Percentage of students who study less than 2 hours per day: 13.53%


6. Do students who study more than 5 hours per day have higher exam scores on average? Please create a code cell below to answer this question. (0.5 point)

In [15]:
# prompt: do students who study more than 5 hours per day have higher exam scores on average

# Separate students into two groups: those who study more than 5 hours and those who don't
students_more_than_5_hours = df[df['study_hours_per_day'] > 5]
students_5_hours_or_less = df[df['study_hours_per_day'] <= 5]

# Calculate the average exam score for each group
avg_exam_score_more_than_5_hours = students_more_than_5_hours['exam_score'].mean()
avg_exam_score_5_hours_or_less = students_5_hours_or_less['exam_score'].mean()

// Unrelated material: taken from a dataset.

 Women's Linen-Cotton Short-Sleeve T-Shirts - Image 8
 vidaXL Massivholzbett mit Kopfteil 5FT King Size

print(f"Average exam score for students who study more than 5 hours per day: {avg_exam_score_more_than_5_hours:.2f}")
print(f"Average exam score for students who study 5 hours or less per day: {avg_exam_score_5_hours_or_less:.2f}")

# Compare the average scores
if avg_exam_score_more_than_5_hours > avg_exam_score_5_hours_or_less:
  print("Yes, students who study more than 5 hours per day have higher exam scores on average.")
elif avg_exam_score_more_than_5_hours < avg_exam_score_5_hours_or_less:
  print("No, students who study more than 5 hours per day do not have higher exam scores on average.")
else:
  print("The average exam scores are the same for both groups.")

Average exam score for students who study more than 5 hours per day: 91.12
Average exam score for students who study 5 hours or less per day: 65.67
Yes, students who study more than 5 hours per day have higher exam scores on average.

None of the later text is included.